Cream Cheese Pound Cake
• 1 stick of unsalted butter
@ room temperature
8 ounces cream cheese @ room temperature
3 cups sugar
• 1/2 teaspoon salt
• 2 teaspoons vanilla extract
• 6 large eggs
• 3 cups flour,
sifted & then measured [it does make a difference... sifted flour is fluffier than flour just out of the bag, so if you don't sift, you will add more flour than the recipe calls for - which is never a good thing... I measured and sifted it into a separate bowl with a pouring spout- which makes it easier when you are ready for it in the recipe]
1 teaspoon baking powder

• Preheat oven to 325ยบ F. Spray two 8.5 x 4.5 inch loaf pans with nonstick cooking spray.
• Beat butter and cream cheese together in a large bowl with an electric mixer until smooth and creamy. With mixer running [in my left hand], gradually add pre-measured*
sugar beating until pale and fluffy.[*kind of hard to measure and keep a hand-mixer running at the same time... if you can recruit help... AKA a roommate or husband :)... even better!] Beat in salt and vanilla.
• Add eggs one at a time, beating well after each one until it is fully incorporated into the mix. This is the last step you will need your mixer for...
• Sift flour again along with baking powder into batter. I used a colander/strainer to sift my flour since I do not own a sifter. This video on YouTube shows you how to do this. Using a large rubber spatula, fold the flour and baking powder into the batter until no traces of flour remain and batter is smooth.
• Divide the batter between the two loaf pans. Bake until tops are golden and slightly cracked and when a skewer inserted into the center comes out with only a few moist crumbs clinging to it, 60 - 75 mins.
• Transfer to a wire rack and let cool in pans for 10 minutes. Then turn cakes out of pans and let cool to room temperature on wire racks before serving

Cakes can be stored at room temperature for up to 3 days or frozen for one month.

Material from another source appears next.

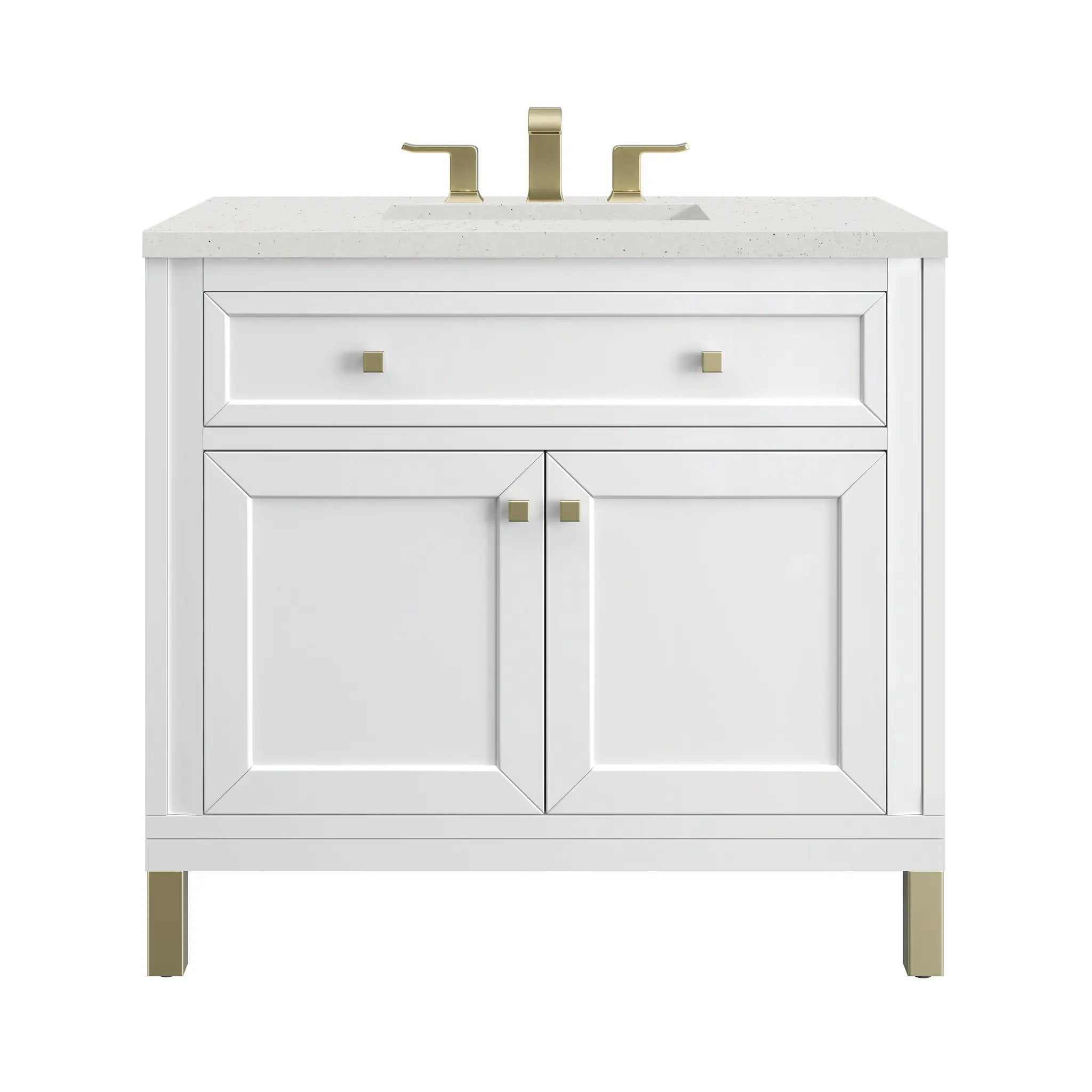 James Martin Chicago 36" Single Vanity Set - Glossy White by James Martin Vanities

I apologize for the lack of photos... but between not being able to control the focus, not being able to control exposure, using up entire batteries while taking only 40-60 photos [and not rechargeable ones, mind you]... and maybe a hint of laziness :)... I have decided to stop taking pictures of each step. For now at least.

While I was waiting for the pound cakes to bake, I realized that I had some frozen strawberries and cherries in my freezer. So I decided to make up a recipe for some fruit sauce to go with - unfortunately I didn't document it very precisely, so the following recipe is my best guess...

Cherry Strawberry sauce
• 1 Tablespoon butter
• 3/4 cup frozen strawberries
• 3/4 cup frozen cherries
• 2 Tablespoons balsamic vinegar
• 3/4 cup sugar
• 1 Tablespoon water
• 1.5 teaspoons cornstarch

• Melt butter in a saucepan over medium heat. Once the butter is melted, add cherries and strawberries. [If you would prefer to use other berries, just make sure that you substitute using the same amount]
• Add balsamic vinegar. It sounds weird, but the vinegar really brings out the flavor of berries. Add the sugar and stir.
• Allow the mixture to come to a boil, stirring occasionally. I was hoping that the sugar alone would thicken the sauce, but it was taking it a while. So I went to my trusty friend - the Joy of Cooking - and found a recipe for a fruit sauce that added water and cornstarch at the end to thicken it.
• When your sauce has been boiling for about 3 or 4 minutes, mix the water and cornstarch in a small bowl until combined. Add the cornstarch mixture to your fruit sauce and stir until it starts to thicken... about one minute.
• Remove from heat and let cool slightly. Place into an open container until cooled completely.
• It is almost like a jam, so I served it over the pound cake cool or at room temperature and stored it in the refrigerator when not in use.